▸ ASSIGNED TASK
Below are the entries to work from; restate word for word the portion that opens with the line containing "Facetime無法使用？快速修復和排查技巧" and closes with the line containing "кокаин колумбия Белокуриха", keeping both.

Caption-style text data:
============
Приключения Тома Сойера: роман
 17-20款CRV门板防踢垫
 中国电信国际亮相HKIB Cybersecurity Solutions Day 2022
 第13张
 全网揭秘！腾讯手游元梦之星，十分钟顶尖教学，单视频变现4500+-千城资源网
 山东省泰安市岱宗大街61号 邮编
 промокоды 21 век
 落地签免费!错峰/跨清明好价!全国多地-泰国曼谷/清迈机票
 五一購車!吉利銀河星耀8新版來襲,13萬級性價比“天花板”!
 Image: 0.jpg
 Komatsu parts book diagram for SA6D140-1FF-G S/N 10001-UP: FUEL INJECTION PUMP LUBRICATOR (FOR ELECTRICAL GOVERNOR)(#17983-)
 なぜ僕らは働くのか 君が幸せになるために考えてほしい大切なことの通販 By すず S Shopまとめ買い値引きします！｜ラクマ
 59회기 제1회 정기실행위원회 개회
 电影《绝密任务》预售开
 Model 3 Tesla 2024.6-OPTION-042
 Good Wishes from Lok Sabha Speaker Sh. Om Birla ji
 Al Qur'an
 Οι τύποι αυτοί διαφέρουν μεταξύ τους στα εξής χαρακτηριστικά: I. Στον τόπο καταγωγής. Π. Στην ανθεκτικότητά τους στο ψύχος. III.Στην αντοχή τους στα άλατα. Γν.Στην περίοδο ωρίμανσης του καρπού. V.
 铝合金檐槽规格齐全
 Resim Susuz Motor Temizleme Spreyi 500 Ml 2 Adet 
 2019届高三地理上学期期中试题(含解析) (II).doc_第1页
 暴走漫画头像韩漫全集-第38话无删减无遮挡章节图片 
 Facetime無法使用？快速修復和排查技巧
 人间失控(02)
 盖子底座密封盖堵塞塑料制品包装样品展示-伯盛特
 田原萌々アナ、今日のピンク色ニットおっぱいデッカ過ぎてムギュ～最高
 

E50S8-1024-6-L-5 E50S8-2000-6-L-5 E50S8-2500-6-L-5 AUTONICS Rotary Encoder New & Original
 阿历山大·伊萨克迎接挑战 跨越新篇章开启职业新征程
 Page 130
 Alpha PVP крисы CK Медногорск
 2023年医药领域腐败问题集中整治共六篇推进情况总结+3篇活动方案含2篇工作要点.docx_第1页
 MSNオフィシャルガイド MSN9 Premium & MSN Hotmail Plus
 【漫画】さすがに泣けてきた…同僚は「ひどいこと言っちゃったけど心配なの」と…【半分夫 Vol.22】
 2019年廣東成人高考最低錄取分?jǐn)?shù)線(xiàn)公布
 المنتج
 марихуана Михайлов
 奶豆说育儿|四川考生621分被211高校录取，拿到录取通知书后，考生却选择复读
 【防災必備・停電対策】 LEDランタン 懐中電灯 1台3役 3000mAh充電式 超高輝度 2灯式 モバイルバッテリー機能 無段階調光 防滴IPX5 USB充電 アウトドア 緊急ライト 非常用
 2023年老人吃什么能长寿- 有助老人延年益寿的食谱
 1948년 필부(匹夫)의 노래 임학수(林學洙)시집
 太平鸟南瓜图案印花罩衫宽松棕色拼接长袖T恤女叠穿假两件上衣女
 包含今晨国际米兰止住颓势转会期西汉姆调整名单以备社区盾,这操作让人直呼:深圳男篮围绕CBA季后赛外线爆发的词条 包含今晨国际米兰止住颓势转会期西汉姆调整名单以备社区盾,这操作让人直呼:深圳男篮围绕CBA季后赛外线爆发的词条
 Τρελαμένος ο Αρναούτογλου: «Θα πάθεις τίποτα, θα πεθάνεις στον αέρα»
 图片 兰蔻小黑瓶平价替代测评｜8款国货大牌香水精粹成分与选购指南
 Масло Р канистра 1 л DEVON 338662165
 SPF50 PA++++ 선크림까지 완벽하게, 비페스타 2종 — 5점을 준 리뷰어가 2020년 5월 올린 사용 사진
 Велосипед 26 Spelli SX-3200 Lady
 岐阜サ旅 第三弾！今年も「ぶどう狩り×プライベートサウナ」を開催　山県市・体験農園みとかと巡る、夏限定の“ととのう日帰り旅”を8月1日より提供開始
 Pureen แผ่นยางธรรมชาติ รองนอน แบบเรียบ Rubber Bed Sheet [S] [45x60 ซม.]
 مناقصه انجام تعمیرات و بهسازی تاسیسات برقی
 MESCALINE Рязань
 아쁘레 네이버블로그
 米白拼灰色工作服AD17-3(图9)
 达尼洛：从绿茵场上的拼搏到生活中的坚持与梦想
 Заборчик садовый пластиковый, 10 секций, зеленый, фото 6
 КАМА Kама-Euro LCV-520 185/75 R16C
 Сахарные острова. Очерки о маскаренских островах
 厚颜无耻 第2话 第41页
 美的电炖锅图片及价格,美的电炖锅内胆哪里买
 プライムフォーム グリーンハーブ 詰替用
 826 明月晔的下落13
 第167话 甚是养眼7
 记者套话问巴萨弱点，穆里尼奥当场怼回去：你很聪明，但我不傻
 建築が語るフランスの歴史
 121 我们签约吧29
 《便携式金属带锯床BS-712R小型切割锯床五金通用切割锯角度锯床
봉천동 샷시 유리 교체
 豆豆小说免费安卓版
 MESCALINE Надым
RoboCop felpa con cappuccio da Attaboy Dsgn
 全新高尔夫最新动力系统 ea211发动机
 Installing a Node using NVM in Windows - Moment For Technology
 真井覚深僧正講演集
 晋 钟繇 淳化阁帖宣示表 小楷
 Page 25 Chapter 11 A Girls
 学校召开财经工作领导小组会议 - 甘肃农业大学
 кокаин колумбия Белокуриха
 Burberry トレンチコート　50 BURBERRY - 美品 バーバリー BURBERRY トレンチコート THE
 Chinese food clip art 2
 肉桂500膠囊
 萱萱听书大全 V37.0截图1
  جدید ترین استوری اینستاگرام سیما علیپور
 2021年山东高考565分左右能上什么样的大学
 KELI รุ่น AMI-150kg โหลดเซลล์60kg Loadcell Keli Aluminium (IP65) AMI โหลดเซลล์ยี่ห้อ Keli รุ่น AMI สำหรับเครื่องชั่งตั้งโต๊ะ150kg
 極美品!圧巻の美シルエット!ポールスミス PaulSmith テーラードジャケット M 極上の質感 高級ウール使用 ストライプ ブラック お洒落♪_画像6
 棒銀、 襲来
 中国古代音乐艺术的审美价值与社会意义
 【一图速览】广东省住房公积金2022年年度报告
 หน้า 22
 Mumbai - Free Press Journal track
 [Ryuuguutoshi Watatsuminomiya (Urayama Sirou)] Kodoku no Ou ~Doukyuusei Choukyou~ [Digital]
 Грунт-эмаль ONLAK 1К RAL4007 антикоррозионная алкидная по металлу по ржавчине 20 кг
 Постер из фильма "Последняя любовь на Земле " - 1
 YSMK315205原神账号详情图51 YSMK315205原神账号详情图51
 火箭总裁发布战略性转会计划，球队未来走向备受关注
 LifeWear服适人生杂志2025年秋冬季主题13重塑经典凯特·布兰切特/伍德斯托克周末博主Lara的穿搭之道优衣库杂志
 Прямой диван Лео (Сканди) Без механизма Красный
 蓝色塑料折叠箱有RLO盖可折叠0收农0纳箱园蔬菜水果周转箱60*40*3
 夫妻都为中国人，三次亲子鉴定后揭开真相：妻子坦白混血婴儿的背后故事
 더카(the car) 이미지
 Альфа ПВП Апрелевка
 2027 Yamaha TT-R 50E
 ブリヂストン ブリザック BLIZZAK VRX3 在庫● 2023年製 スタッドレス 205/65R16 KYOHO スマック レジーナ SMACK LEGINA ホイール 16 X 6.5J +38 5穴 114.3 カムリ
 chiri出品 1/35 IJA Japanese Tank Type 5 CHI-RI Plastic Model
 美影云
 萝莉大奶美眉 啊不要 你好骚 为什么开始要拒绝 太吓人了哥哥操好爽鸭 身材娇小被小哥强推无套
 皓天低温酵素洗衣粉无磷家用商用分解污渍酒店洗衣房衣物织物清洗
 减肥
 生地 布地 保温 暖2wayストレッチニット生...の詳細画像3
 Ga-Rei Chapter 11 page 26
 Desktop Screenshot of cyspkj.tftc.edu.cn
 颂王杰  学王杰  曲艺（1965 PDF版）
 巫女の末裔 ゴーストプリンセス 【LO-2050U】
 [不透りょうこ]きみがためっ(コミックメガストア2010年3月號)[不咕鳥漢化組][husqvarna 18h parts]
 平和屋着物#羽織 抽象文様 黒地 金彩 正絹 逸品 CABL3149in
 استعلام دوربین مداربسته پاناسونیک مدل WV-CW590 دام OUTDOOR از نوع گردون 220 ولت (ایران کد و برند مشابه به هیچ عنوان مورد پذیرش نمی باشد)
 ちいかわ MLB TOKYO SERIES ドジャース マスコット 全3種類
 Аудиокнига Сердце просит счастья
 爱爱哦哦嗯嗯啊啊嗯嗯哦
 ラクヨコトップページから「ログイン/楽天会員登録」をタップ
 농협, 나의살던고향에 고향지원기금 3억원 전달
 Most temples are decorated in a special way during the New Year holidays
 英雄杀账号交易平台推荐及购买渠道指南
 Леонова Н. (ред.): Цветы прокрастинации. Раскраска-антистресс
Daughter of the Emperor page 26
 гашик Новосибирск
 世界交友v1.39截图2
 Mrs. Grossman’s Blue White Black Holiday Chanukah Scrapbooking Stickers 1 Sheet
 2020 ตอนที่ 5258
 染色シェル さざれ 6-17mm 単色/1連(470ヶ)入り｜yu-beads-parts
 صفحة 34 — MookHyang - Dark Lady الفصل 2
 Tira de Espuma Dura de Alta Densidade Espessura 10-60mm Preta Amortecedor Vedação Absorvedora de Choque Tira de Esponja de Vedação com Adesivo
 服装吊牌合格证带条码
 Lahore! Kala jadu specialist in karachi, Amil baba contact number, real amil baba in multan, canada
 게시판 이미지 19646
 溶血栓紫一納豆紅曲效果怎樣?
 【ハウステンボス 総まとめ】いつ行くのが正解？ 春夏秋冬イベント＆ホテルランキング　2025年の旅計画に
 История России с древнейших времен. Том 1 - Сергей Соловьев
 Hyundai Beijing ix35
============
▸ EXPECTED ANSWER
 Facetime無法使用？快速修復和排查技巧
 人间失控(02)
 盖子底座密封盖堵塞塑料制品包装样品展示-伯盛特
 田原萌々アナ、今日のピンク色ニットおっぱいデッカ過ぎてムギュ～最高
 

E50S8-1024-6-L-5 E50S8-2000-6-L-5 E50S8-2500-6-L-5 AUTONICS Rotary Encoder New & Original
 阿历山大·伊萨克迎接挑战 跨越新篇章开启职业新征程
 Page 130
 Alpha PVP крисы CK Медногорск
 2023年医药领域腐败问题集中整治共六篇推进情况总结+3篇活动方案含2篇工作要点.docx_第1页
 MSNオフィシャルガイド MSN9 Premium & MSN Hotmail Plus
 【漫画】さすがに泣けてきた…同僚は「ひどいこと言っちゃったけど心配なの」と…【半分夫 Vol.22】
 2019年廣東成人高考最低錄取分?jǐn)?shù)線(xiàn)公布
 المنتج
 марихуана Михайлов
 奶豆说育儿|四川考生621分被211高校录取，拿到录取通知书后，考生却选择复读
 【防災必備・停電対策】 LEDランタン 懐中電灯 1台3役 3000mAh充電式 超高輝度 2灯式 モバイルバッテリー機能 無段階調光 防滴IPX5 USB充電 アウトドア 緊急ライト 非常用
 2023年老人吃什么能长寿- 有助老人延年益寿的食谱
 1948년 필부(匹夫)의 노래 임학수(林學洙)시집
 太平鸟南瓜图案印花罩衫宽松棕色拼接长袖T恤女叠穿假两件上衣女
 包含今晨国际米兰止住颓势转会期西汉姆调整名单以备社区盾,这操作让人直呼:深圳男篮围绕CBA季后赛外线爆发的词条 包含今晨国际米兰止住颓势转会期西汉姆调整名单以备社区盾,这操作让人直呼:深圳男篮围绕CBA季后赛外线爆发的词条
 Τρελαμένος ο Αρναούτογλου: «Θα πάθεις τίποτα, θα πεθάνεις στον αέρα»
 图片 兰蔻小黑瓶平价替代测评｜8款国货大牌香水精粹成分与选购指南
 Масло Р канистра 1 л DEVON 338662165
 SPF50 PA++++ 선크림까지 완벽하게, 비페스타 2종 — 5점을 준 리뷰어가 2020년 5월 올린 사용 사진
 Велосипед 26 Spelli SX-3200 Lady
 岐阜サ旅 第三弾！今年も「ぶどう狩り×プライベートサウナ」を開催　山県市・体験農園みとかと巡る、夏限定の“ととのう日帰り旅”を8月1日より提供開始
 Pureen แผ่นยางธรรมชาติ รองนอน แบบเรียบ Rubber Bed Sheet [S] [45x60 ซม.]
 مناقصه انجام تعمیرات و بهسازی تاسیسات برقی
 MESCALINE Рязань
 아쁘레 네이버블로그
 米白拼灰色工作服AD17-3(图9)
 达尼洛：从绿茵场上的拼搏到生活中的坚持与梦想
 Заборчик садовый пластиковый, 10 секций, зеленый, фото 6
 КАМА Kама-Euro LCV-520 185/75 R16C
 Сахарные острова. Очерки о маскаренских островах
 厚颜无耻 第2话 第41页
 美的电炖锅图片及价格,美的电炖锅内胆哪里买
 プライムフォーム グリーンハーブ 詰替用
 826 明月晔的下落13
 第167话 甚是养眼7
 记者套话问巴萨弱点，穆里尼奥当场怼回去：你很聪明，但我不傻
 建築が語るフランスの歴史
 121 我们签约吧29
 《便携式金属带锯床BS-712R小型切割锯床五金通用切割锯角度锯床
봉천동 샷시 유리 교체
 豆豆小说免费安卓版
 MESCALINE Надым
RoboCop felpa con cappuccio da Attaboy Dsgn
 全新高尔夫最新动力系统 ea211发动机
 Installing a Node using NVM in Windows - Moment For Technology
 真井覚深僧正講演集
 晋 钟繇 淳化阁帖宣示表 小楷
 Page 25 Chapter 11 A Girls
 学校召开财经工作领导小组会议 - 甘肃农业大学
 кокаин колумбия Белокуриха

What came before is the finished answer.